Object Detection as an Optional Basis: A Graph Matching Network for Cross-View UAV Localization
Tao Liu, Kan Ren, Qian Chen
TL;DR
This work tackles cross-view UAV localization in GNSS-denied environments by reframing matching as graph-based relational reasoning over object-detected regions. It combines a dual-graph representation (spatial and semantic) with a Graph Attention Network to learn UAV-to-satellite correspondences, optimized via multi-task losses including graph-node matching, embedding, and scene-classification. The approach demonstrates strong cross-view and cross-modal performance on public and infrared-visible datasets, with ablations confirming the value of semantic cues, global features, and dynamic loss weighting. The practical impact lies in robust, efficient localization across time, viewpoint, and modality gaps, with publicly available infrared datasets to support future research and evaluation.
Abstract
With the rapid growth of the low-altitude economy, UAVs have become crucial for measurement and tracking in patrol systems. However, in GNSS-denied areas, satellite-based localization methods are prone to failure. This paper presents a cross-view UAV localization framework that performs map matching via object detection, aimed at effectively addressing cross-temporal, cross-view, heterogeneous aerial image matching.
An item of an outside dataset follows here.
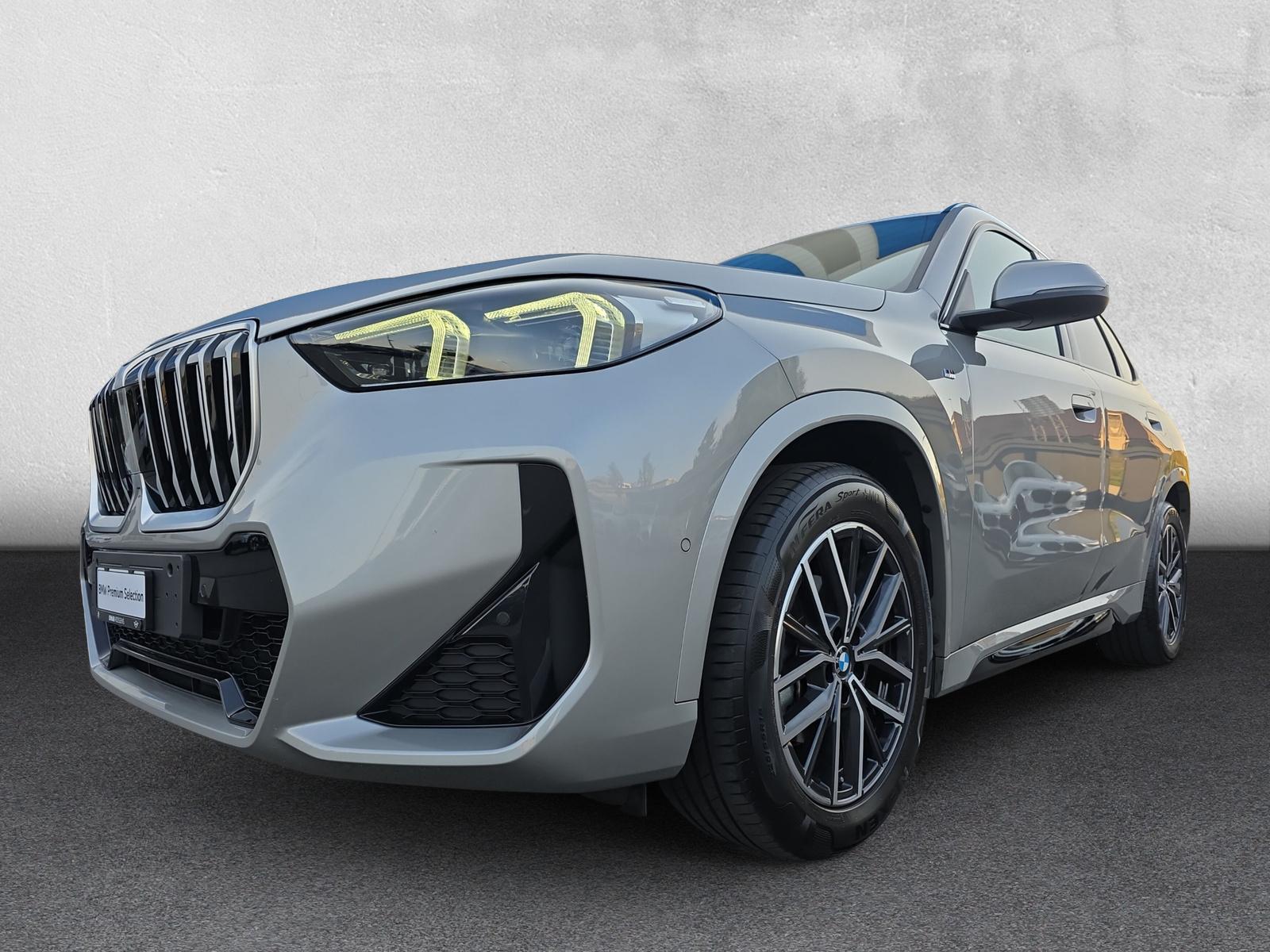 BMW X1 20d xDrive paddles-image-8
In typical pipelines, UAV visual localization is formulated as an image-retrieval problem: features are extracted to build a localization map, and the pose of a query image is estimated by matching it to a reference database with known poses. Because publicly available UAV localization datasets are limited, many approaches recast localization as a classification task and rely on scene labels in these datasets to ensure accuracy. Other methods seek to reduce cross-domain differences using polar-coordinate reprojection, perspective transformations, or generative adversarial networks; however, they can suffer from misalignment, content loss, and limited realism. In contrast, we leverage modern object detection to accurately extract salient instances from UAV and satellite images, and integrate a graph neural network to reason about inter-image and intra-image node relationships. Using a fine-grained, graph-based node-similarity metric, our method achieves strong retrieval and localization performance. Extensive experiments on public and real-world datasets show that our approach handles heterogeneous appearance differences effectively and generalizes well, making it applicable to scenarios with larger modality gaps, such as infrared-visible image matching. Our dataset will be publicly available at the following URL: https://github.com/liutao23/ODGNNLoc.git.